I had it with him and told him so, telling him his attitude sucked. He asked me to move away and take another seat. I complied when he told me he’d help himself off the bus.
Though we lived on the same block, the driver made two compulsory stops — Jack’s house first — due to his condition. The doors opened; I watched as Jack exited.
His body gave out and he fell to the ground. “I can’t walk!” he cried. “I CAN’T WALK ANYMORE!”
He knew. His mother came rushing out of the house. I hopped off the bus and tried to help him. Though he was swinging and hitting me, blaming me for the loss of his legs, I stayed with him as his mom ran back into the house to call an ambulance.
Jack was right. He would never walk again.
We made up the next day when he invited me over to “listen to some Alice.” No apologies were necessary, and none were offered.
Jack explained to me that for the last year, he had nightmares about losing his ability to walk. He stayed away from a wheelchair for as long as possible, and now I was with him as we waited for a new chair to be delivered.

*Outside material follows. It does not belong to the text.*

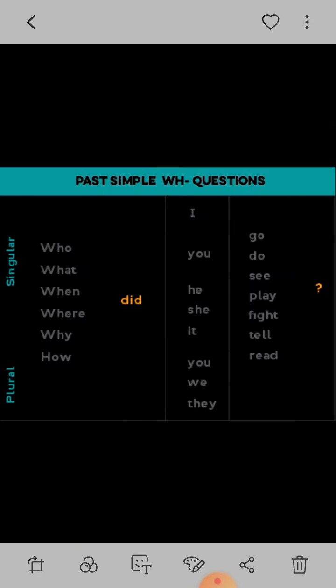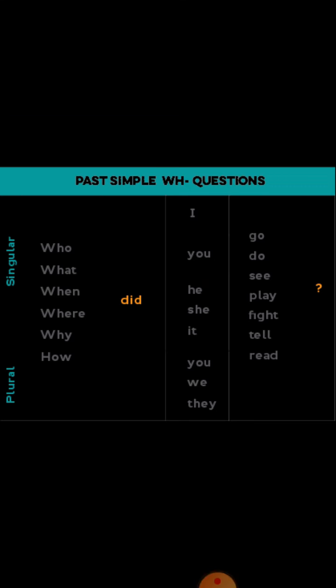WH-questions: what, where, why, when, how — which comes first, plus 'did', plus subject, after subject first form of verb, then object, question mark. For example: What did you do yesterday?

He became more depressed once he sat in the chair for the first time, as if the blood drained from his body and he had lost the will to continue his fight.
The analogy proved accurate. We stopped speaking as much as we had. My ensuing visits to his house seemed forced, as if he didn’t want to lose my company completely, but he wanted to spend more time alone. I asked him about “Teddy.”
“Teddy died,” he said, without saying another word about it.
Soon, the calls stopped entirely, and Jack stopped going to school. His frame of mind, his mom told my mother, was not good. He had grabbed a knife to stab himself one night, his mom said. “I was thankful to be there to take it away,” she followed.
My life went on as it had before we met. Making money shoveling driveways, no more asthma, and then … my dad told me and my brothers something we were not expecting. A few weeks earlier, my grandfather — my dad’s father — had suffered a heart attack at his home in New York. He survived, but was unwell. Dad, telling me my doctor said he was confident as to my long-term health, said it was “time to move back east.” He had requested, and had been granted, a return job transfer.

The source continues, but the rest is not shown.